January 26, 2016

Calvin

by Martine Leavitt
Groundwood Books
978-1-55498-720-7
180 pp.
Ages 12+
November 2015

Just because Calvin, the book, is being touted as YA doesn’t mean it shouldn’t be read by everyone and anyone who needs to have an understanding of mental health issues. Calvin, the main character, and his friend Susie both may be seventeen years of age and dealing with boy-girl relationship issues, but the book is far more than just realistic fiction for teens.  It’s akin to a Canadian YA version of Antoine de Saint-Exupéry’s The Little Prince, about a young man who goes on a pilgrimage to find meaning and meets an assortment of individuals and learns new truths that help him interpret his life.  This is a book for anyone mature enough to handle the truths within.

Calvin, the book, is a letter to Bill Watterson, the creator of the hugely popular comic Calvin and Hobbes.  Convinced he is connected to Bill Watterson because of his name, being born on the very day the last comic was published, and having a stuffed tiger named Hobbes and a friend named Susie, Calvin, the book’s protagonist, is sure that Bill Watterson is the man to help him out when he is diagnosed with schizophrenia.  Escaping with Susie’s help from the hospital, Calvin embarks on a treacherous winter pilgrimage across Lake Erie to Cleveland where he is somehow assured that Bill Watterson will provide him with a new and final comic that will display Calvin as a well-adjusted teen without an imaginary Hobbes.

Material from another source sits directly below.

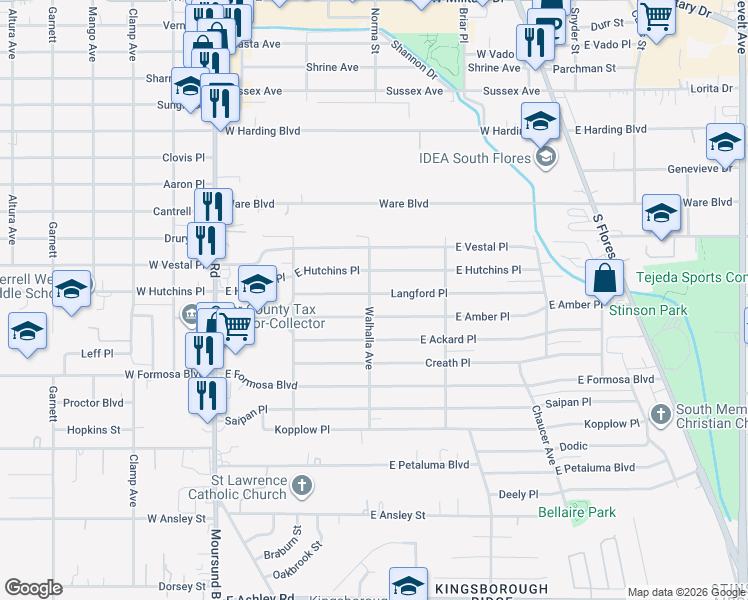 map of restaurants, bars, coffee shops, grocery stores, and more near 171 Langford Place in San Antonio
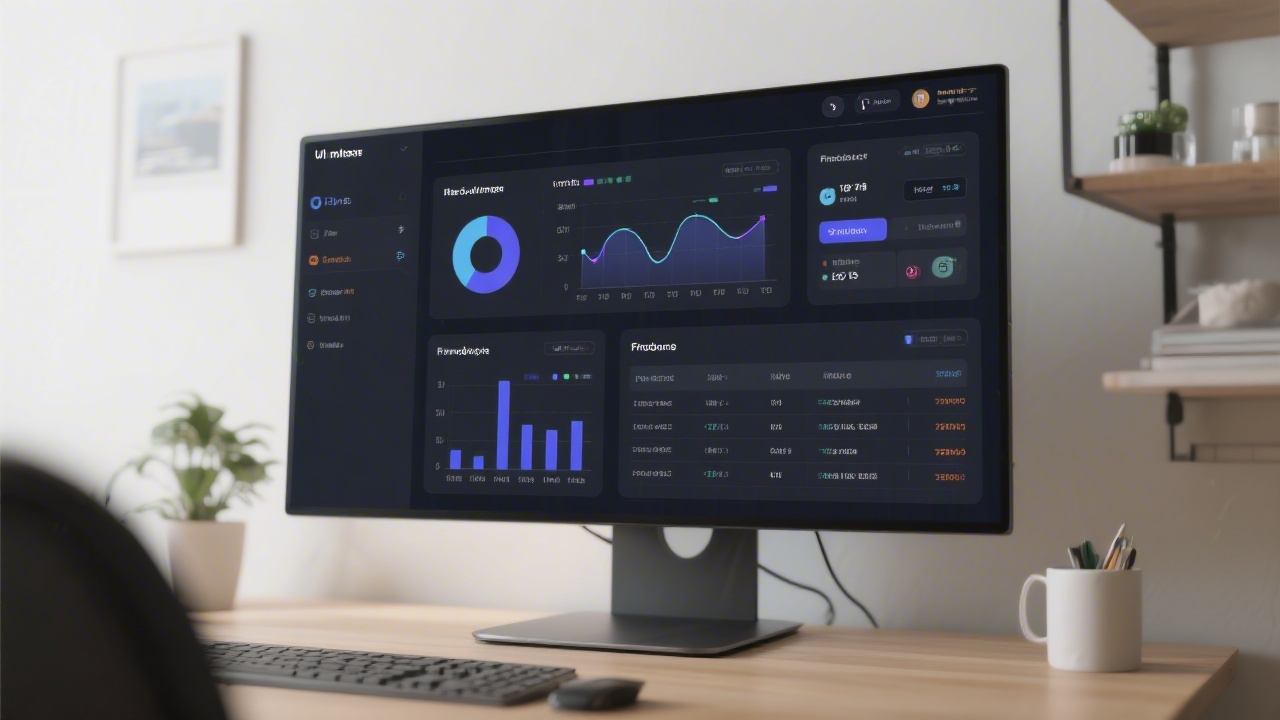 UI dashboard mockup with charts, tables, and filters displayed on a widescreen monitor, illustrating enterprise product design work.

Written both as dialogue between Calvin, Susie, Hobbes and an odd assortment of bit players and as text of Calvin’s thinking, Calvin takes the reader into the mind and experiences of a boy newly-diagnosed with schizophrenia who cannot deal with that reality.  Though she has not associated with him for the past year, Susie, a childhood friend, insists on accompanying Calvin.  So, after carefully outfitting themselves for an 87 km winter walk across a barren lake, Calvin and Susie set out from Point Pelee National Park.  Only Bill Watterson knows, apparently, because Calvin had written to the cartoonist, requesting he meet them on the other side of the lake.
The wind only whines and whistles and wails when it’s trying to get into the cracks of windows and doors.  It only thumps and bellows when it bumps up against trees and houses and cars.  But on a big flat empty lake, it’s just a force.  It’s a big soft hand that pushes and presses at you, silent, steady.  Soon you realize the wind isn’t flowing around you, over you, it’s flowing through you, penetrating the electromagnetic field that gives you the illusion of being a solid entity, whipping straight through you, spinning your atoms like tops and leaving them dizzy and frosty and deeply impressed. (pg. 65)
What seems to begin as a lark becomes a dark and dangerous survival test, with Calvin grappling with the imaginary Hobbes for possession of his mind and Susie revealing hidden truths to Calvin.  Just as Calvin has difficulty determining what is real–even Susie could be a figment of his imagination–so does the reader as the duo with Hobbes in tow encounter an ice fisherman, a poet, a parking lot, snow goons, and a monster, discussing brain activity, God, war and peace, school, and Bill Watterson’s motivations.  It all comes down to Susie helping  Calvin see that “I know about you but you don’t know about you” (pg. 132) and Calvin helping to keep Susie safe.

Reading about someone dealing with a mental illness is a very different beast than being inside them as they wrestle with their mental health issue.  And beast seems an appropriate term because Martine Leavitt takes the reader into the beast that is Calvin’s schizophrenia, as creative and quirky and potentially ferocious as Hobbes, Bill Watterson’s comic tiger.  With an issue as colossal as that immense Lake Erie, Martine Leavitt is able to take us into that part of Calvin that is both confused and distinct and searching for identity.  Scared of the monster he perceives himself to be and anticipating the judgements that will be aimed at him,
Hobbes: Since when did we care what people think?
Me: There’s more of them. The definition of sanity is a democratic thing.  They get to decide.
(pg. 21)
Calvin is running from his fears and towards his perceived salvation.  Salvation may or may not be waiting at the end of Calvin and Susie’s crossing but Martine Leavitt ensures a resolution.  It’s not all nice and neat but it is what it is: an ending and an beginning.